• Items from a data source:
= Beginning of Section =

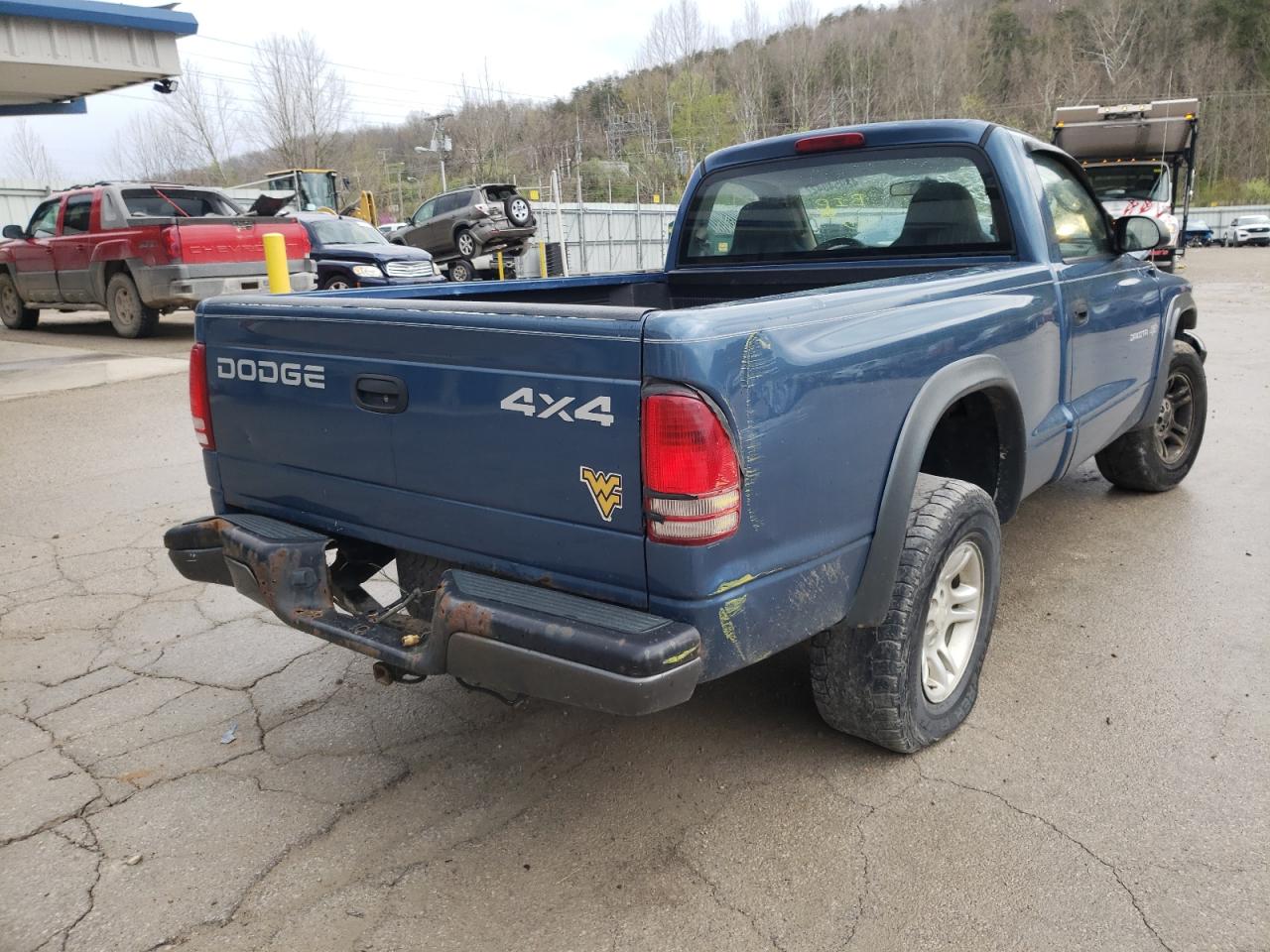 Photo 4 from auction – 2002 DODGE DAKOTA BAS with VIN 1B7GG16X52S695667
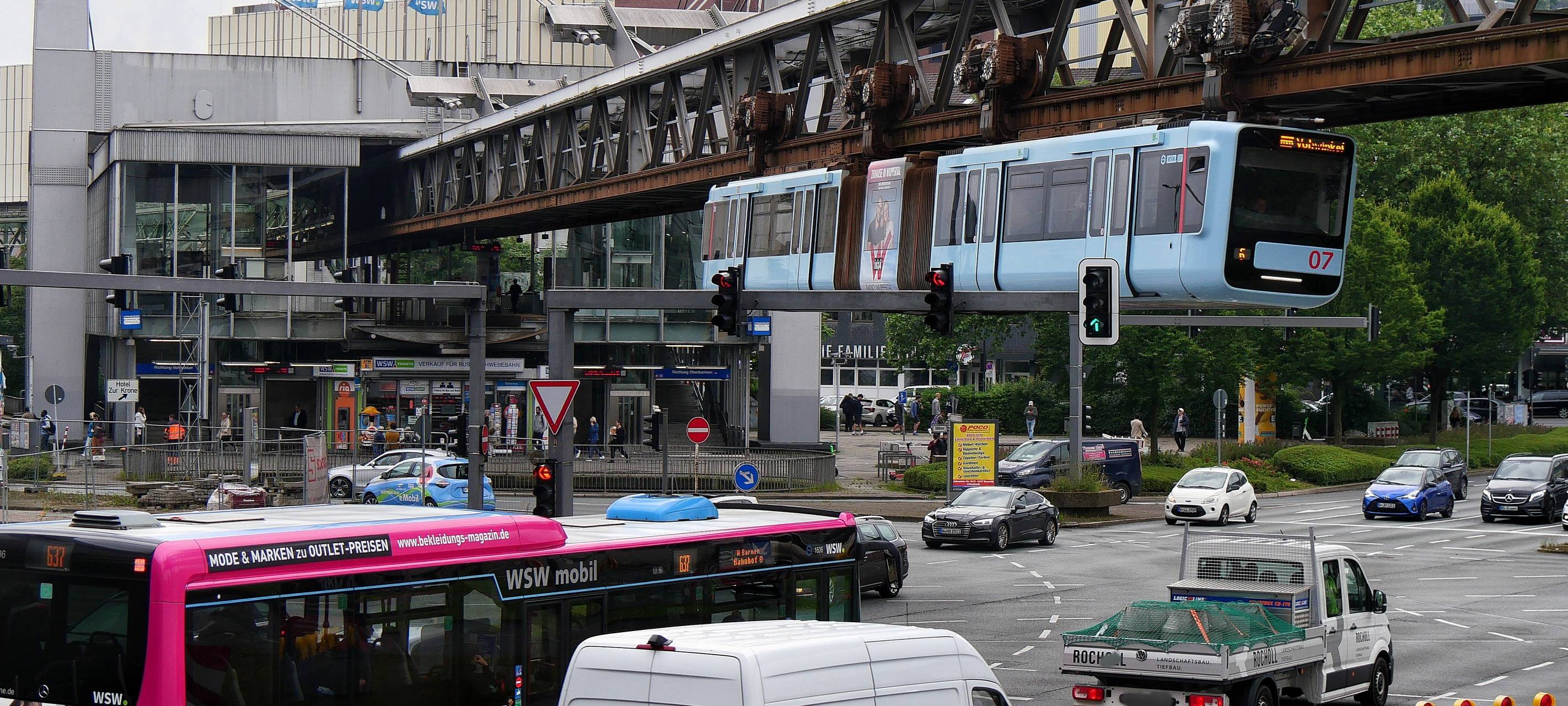 Wieder Busse am Alten Markt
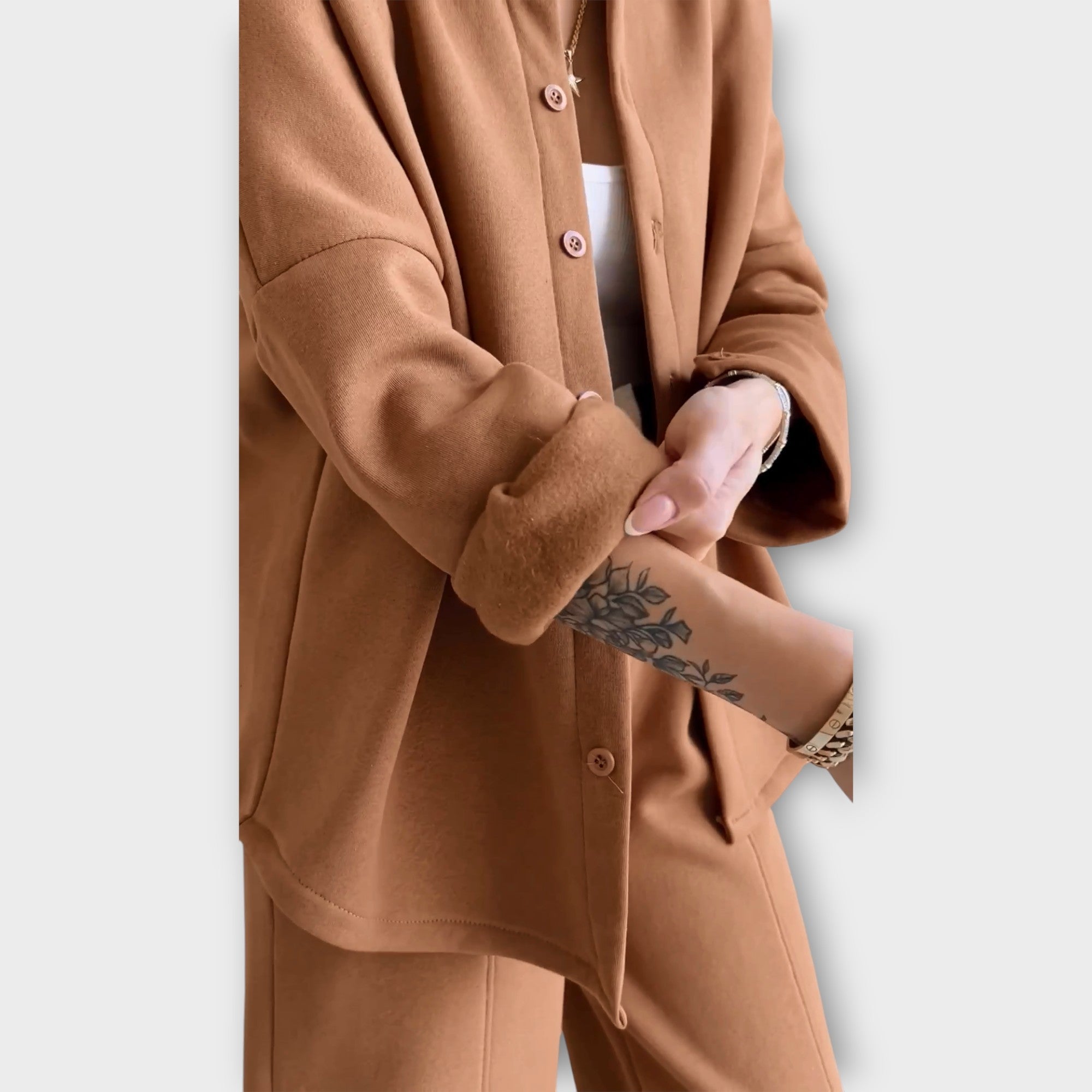 Komplekt nööpide ja elegantse joonega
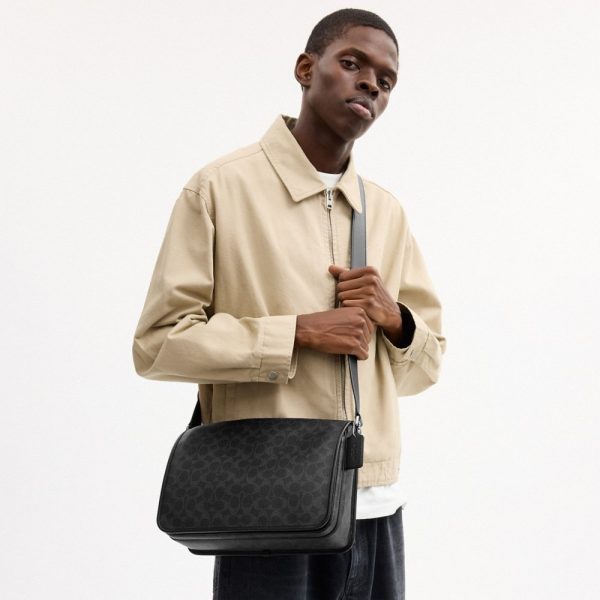 Coach Outlet Colby Messenger Bag 32 In Signature Canvas - Preorder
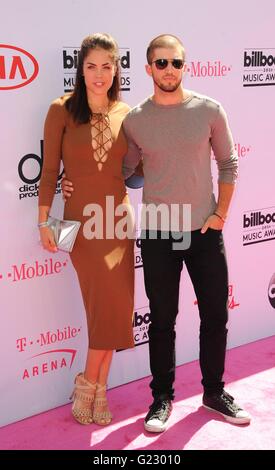 Las Vegas, NV, Stati Uniti d'America. 22 Maggio, 2016. Kelly Thiebaud, Bryan Craig presso gli arrivi per 2016 Billboard Music Awards - Arrivi 1, T-Mobile Arena, Las Vegas NV, 22 maggio 2016. Credito: Elizabeth Goodenough/Everett raccolta/Alamy Live News Foto Stock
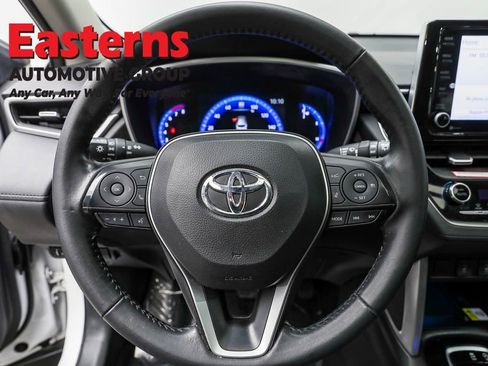 Used 2022 Toyota Corolla Cross XLE w/ Convenience Package image 12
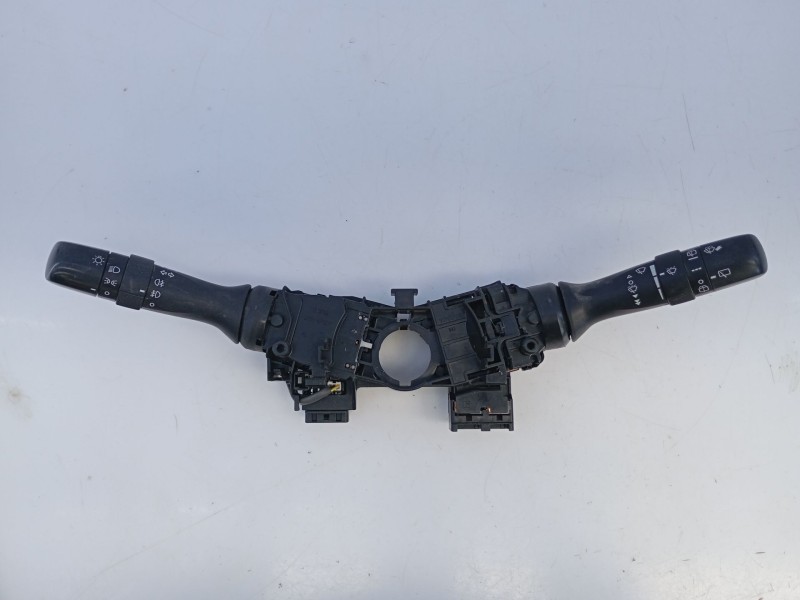 Recambio de mando intermitentes para toyota auris hybrid advance referencia OEM IAM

= End of Section =

• WHAT THIS TASK INVOLVES:
Although pictures appear among the records above, none are to be output; print exactly the lines from the line containing "Coach Outlet Colby" through the line containing "Used 2022 Toyota".

• ANSWER TO THIS TASK:
 Coach Outlet Colby Messenger Bag 32 In Signature Canvas - Preorder
 Las Vegas, NV, Stati Uniti d'America. 22 Maggio, 2016. Kelly Thiebaud, Bryan Craig presso gli arrivi per 2016 Billboard Music Awards - Arrivi 1, T-Mobile Arena, Las Vegas NV, 22 maggio 2016. Credito: Elizabeth Goodenough/Everett raccolta/Alamy Live News Foto Stock
 Used 2022 Toyota Corolla Cross XLE w/ Convenience Package image 12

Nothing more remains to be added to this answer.